◆ **Work instruction**: Send back all the data below, exactly as given.

◆ **Dataset excerpts**:
------------------------
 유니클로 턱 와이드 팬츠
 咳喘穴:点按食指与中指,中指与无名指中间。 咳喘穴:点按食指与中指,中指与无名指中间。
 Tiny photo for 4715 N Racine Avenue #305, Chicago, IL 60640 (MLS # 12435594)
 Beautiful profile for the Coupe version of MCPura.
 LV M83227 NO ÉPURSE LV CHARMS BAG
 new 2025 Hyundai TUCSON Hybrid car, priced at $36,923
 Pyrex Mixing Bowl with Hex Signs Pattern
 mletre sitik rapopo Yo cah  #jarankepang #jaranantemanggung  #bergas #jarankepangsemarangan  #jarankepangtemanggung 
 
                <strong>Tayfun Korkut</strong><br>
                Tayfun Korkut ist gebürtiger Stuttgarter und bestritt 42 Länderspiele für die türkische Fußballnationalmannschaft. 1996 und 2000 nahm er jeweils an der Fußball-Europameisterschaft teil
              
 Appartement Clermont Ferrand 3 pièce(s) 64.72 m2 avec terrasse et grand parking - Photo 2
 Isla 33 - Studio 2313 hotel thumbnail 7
------------------------
◆ **Solution**:
 유니클로 턱 와이드 팬츠
 咳喘穴:点按食指与中指,中指与无名指中间。 咳喘穴:点按食指与中指,中指与无名指中间。
 Tiny photo for 4715 N Racine Avenue #305, Chicago, IL 60640 (MLS # 12435594)
 Beautiful profile for the Coupe version of MCPura.
 LV M83227 NO ÉPURSE LV CHARMS BAG
 new 2025 Hyundai TUCSON Hybrid car, priced at $36,923
 Pyrex Mixing Bowl with Hex Signs Pattern
 mletre sitik rapopo Yo cah  #jarankepang #jaranantemanggung  #bergas #jarankepangsemarangan  #jarankepangtemanggung 
 
                <strong>Tayfun Korkut</strong><br>
                Tayfun Korkut ist gebürtiger Stuttgarter und bestritt 42 Länderspiele für die türkische Fußballnationalmannschaft. 1996 und 2000 nahm er jeweils an der Fußball-Europameisterschaft teil
              
 Appartement Clermont Ferrand 3 pièce(s) 64.72 m2 avec terrasse et grand parking - Photo 2
 Isla 33 - Studio 2313 hotel thumbnail 7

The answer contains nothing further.